Öztürk A, Özkan Y, Akgöz S, Yalçýn N, Özdemir RM, Aykut S
Correspondence: Dr Alpaslan Öztürk, ozturkalp@mynet.com
ABSTRACT
Introduction Hip fractures in the elderly are associated with significant mortality. This study aimed to investigate the risk factors for mortality in elderly patients with hip fractures during a one-year period.
Methods This was a prospective study which included consecutive isolated nonpathologic hip fractures in 74 (52 female, 22 male) patients in a level-1 trauma centre. These patients were 65 years or older and were ambulatory before the fracture. The patients were treated with hemiarthroplasty. The factors investigated were age, gender, nutritional status determined by blood albumin and total lymphocyte count, haemoglobin levels on the day of admission, mobilisation time after surgery, length of hospital stay, comorbidities, American Society of Anaesthesiologists (ASA) rating of operative risk, and the time period between injury and surgery. The patients were followed up for one year after surgery, or until death.

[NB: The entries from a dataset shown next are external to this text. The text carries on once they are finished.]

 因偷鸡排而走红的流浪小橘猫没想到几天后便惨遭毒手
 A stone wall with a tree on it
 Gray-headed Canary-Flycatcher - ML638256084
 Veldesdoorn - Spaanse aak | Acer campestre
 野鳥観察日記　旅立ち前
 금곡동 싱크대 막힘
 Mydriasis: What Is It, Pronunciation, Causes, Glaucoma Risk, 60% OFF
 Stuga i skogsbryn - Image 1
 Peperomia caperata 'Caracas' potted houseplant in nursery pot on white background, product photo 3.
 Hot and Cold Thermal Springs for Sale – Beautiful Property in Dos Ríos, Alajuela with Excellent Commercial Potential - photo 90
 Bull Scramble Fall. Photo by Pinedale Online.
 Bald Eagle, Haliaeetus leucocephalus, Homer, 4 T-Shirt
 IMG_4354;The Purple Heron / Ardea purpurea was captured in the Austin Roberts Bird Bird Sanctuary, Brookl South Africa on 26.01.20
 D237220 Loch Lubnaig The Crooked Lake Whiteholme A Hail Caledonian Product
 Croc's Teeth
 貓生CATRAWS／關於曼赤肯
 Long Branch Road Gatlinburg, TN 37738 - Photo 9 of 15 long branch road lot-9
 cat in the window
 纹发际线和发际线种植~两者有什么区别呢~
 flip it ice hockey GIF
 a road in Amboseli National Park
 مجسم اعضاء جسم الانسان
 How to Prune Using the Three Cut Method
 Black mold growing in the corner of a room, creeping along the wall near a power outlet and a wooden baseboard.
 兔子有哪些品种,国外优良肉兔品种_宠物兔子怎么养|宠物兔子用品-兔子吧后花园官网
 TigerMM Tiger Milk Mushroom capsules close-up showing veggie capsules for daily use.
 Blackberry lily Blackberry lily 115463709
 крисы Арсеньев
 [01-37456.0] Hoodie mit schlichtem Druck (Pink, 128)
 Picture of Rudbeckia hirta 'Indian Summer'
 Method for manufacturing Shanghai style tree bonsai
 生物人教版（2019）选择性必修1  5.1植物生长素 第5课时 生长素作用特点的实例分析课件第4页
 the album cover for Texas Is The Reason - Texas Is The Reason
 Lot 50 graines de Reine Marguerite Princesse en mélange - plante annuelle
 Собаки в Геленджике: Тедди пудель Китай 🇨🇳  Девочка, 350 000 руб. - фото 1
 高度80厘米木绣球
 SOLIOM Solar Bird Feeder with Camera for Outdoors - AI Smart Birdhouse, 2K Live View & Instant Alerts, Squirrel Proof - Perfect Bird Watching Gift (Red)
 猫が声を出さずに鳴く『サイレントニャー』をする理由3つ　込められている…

Results In total, 15 patients died during the one-year period. Patient survival was 94.6 percent at 3 months, 81.1 percent at 6 months and 79.7 percent at 12 months. There were two in-hospital deaths. The factors significantly associated with mortality were patients with more than two comorbidities, an ASA score of III–IV, a blood albumin level of less than 3.5 g/dl and a total lymphocyte count of less than 1500 cells/ml on admission. Hovewer, after the multivariate analysis, an ASA score of III–IV, low total lymphocyte count, female gender and low haemoglobin levels on admission remained the independent and significant risk factors associated with a one-year mortality.
Conclusion This study confirms that a high ASA score, female gender, a lower lymphocyte count and low haemoglobin levels on admission are significant factors in assessing the one-year mortality in elderly patients with hip fractures. Predicting these risk factors improves the case management.